Decryption of the ciphertext is straightforward in this algorithm. Of course, the two things we’re going to need before beginning the process are the original 32-bit key and the entire ciphertext. We then are going to derive the 128-bit key from the 32-bit key using the process in Step 3. Once we have that, we’re simply going to do the XOR on each 32-bit block of the ciphertext. It would be something like this: We can then concatenate the resulting blocks of plaintext to arrive at the original plaintext. Simple and easy, but was our design really any good? No. It wasn’t. Not only is the encryption easy to break but the design process contains a perspective which is unnecessarily complicated and can be simplified.

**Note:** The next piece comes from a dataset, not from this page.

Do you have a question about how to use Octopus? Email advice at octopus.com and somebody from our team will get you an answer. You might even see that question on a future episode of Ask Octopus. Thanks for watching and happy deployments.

How our design process is flawed

While the algorithm does look real good, there is a flaw in its design. The question is where? Let us reconsider the way we’re doing the XOR operation. It’s in a sequence of blocks. The first 32-bit block of plaintext and the first 32-bit block of the key are being XORed. The second 32-bit block of plaintext and the second 32-bit lock of the key are being XORed. Similar for the 3rd and 4th blocks of plaintext and the key. For the fifth 32-bit block of plaintext, we’re reusing the first 32-bit block of the key. If you pay just a little attention, all that we’re doing is to XOR the first 128 bits of the plaintext with the full 128-bit key and the next 128 bits of plaintext with the key again. The table we used to show the conversion of plaintext to ciphertext (table 3) could also have been shown as in the following table (table 5).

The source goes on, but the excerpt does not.